The most convenient way to solve this particular task is by using the MATLAB functions as much as possible, because they are optimized to run fast and to use the proper amount of memory.

3. Message Passing Interface

The message passing interface is an application programming interface (API) for communication between separate processes, representing the most widely used approach for distributed parallel computing. The MPI standard defines interfaces to C and Fortran programming languages and although the interface is large (contains over 120 procedures), it stays concise. That is why, very often only six procedures are needed to establish, control, and finalize interprocess communications. Each process is identified by a rank which is assigned during the runtime. Therefore, processes can perform different tasks and handle different data based on their rank. The process with the lowest rank is called master, all others processes are called slaves.

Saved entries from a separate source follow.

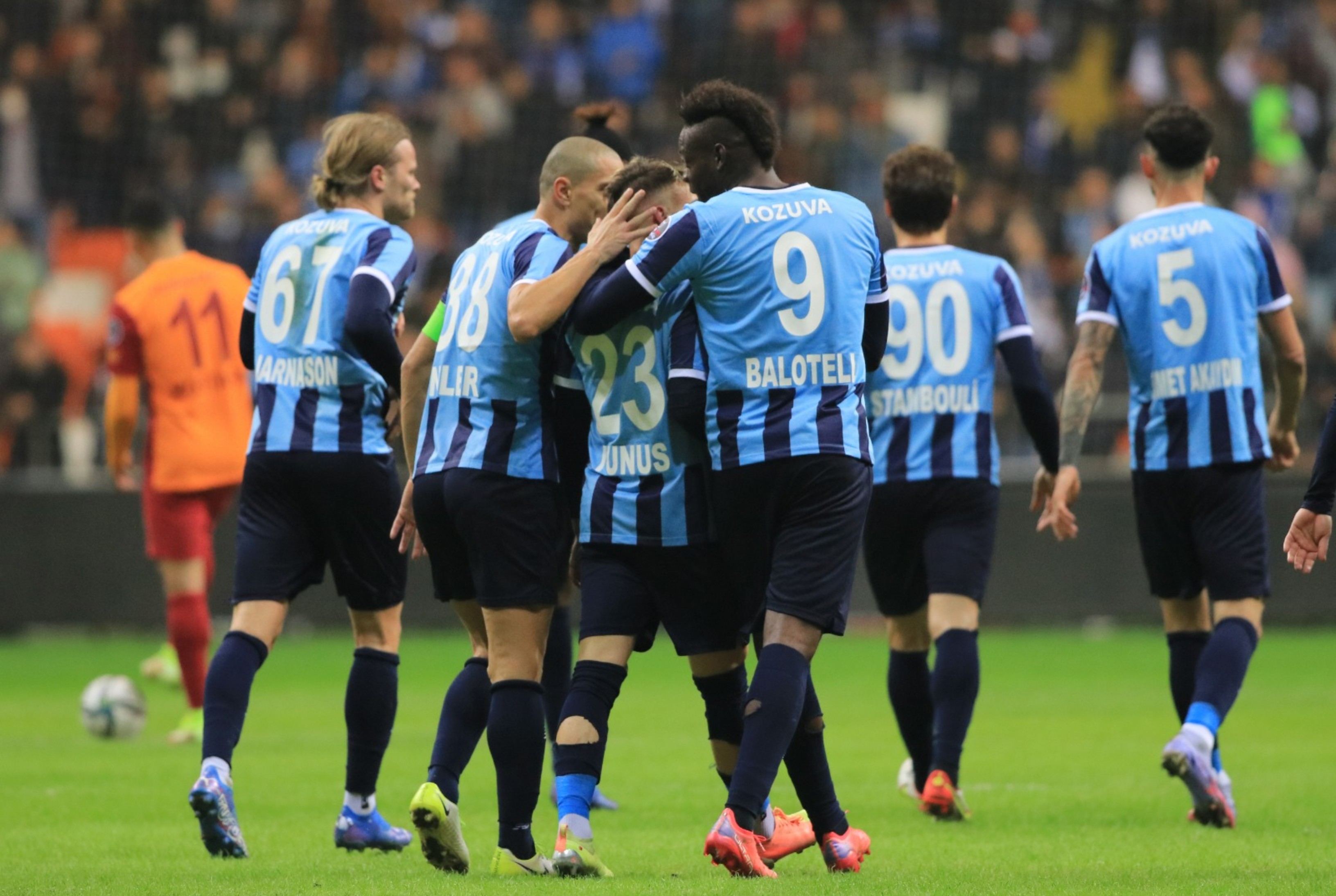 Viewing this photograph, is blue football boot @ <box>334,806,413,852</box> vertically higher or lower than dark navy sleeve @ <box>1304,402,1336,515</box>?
lower

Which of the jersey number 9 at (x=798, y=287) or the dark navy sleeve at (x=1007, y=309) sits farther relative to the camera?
the dark navy sleeve at (x=1007, y=309)

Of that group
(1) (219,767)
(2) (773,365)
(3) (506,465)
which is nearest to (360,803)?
(1) (219,767)

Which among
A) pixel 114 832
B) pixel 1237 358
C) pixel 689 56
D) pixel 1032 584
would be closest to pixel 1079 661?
pixel 1032 584

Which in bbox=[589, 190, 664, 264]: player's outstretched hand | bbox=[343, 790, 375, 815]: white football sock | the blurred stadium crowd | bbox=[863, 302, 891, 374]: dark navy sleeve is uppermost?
the blurred stadium crowd

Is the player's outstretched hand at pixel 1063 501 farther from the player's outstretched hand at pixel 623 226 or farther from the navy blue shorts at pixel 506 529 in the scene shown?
the player's outstretched hand at pixel 623 226

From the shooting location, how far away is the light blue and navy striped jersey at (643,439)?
5.40 m

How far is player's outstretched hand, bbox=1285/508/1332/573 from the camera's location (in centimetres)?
511

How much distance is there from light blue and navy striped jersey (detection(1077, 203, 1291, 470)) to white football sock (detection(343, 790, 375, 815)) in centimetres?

A parallel program is launched as a set of independent, identical processes, where the same program code and instructions can reside in different computing nodes, or even in different computers. Concurrently, all variables and data structures are local to the process and processes can exchange data by sending and receiving messages. There are two main modes of communication between processes: sending and receiving messages between two processes, or sending and receiving messages between several processes simultaneously.

The main structure of any MPI application is listed in the following example. It can be seen, that only three routines from the MPI interface are used: one for initialization of a parallel section, the second is for process rank detection, and the third stands for finalization of a parallel section. Within both the master and slave sections, a common sequential routine for fast Fourier transform is executed. The benefit of this source code structure is to process different (and independent) input data at dissimilar nodes.
4. Evaluated Algorithms

In this Section, two implementations of digital signal processing algorithms are outlined. The algorithms used for the evaluation of parallel potentialities are fast Fourier transform and discrete cosine transform.

4.1 Fast Fourier Transform Algorithms

The discrete Fourier transform (DFT) complexity grows with the square of the data length \( N \). Therefore, since the original paper of Cooley and Tukey published in 1965 [11] a tremendous effort has been devoted to the fast Fourier transform (FFT) algorithm research. The complexity of the FFT is generally in order of \( N \log_2 N \) operations.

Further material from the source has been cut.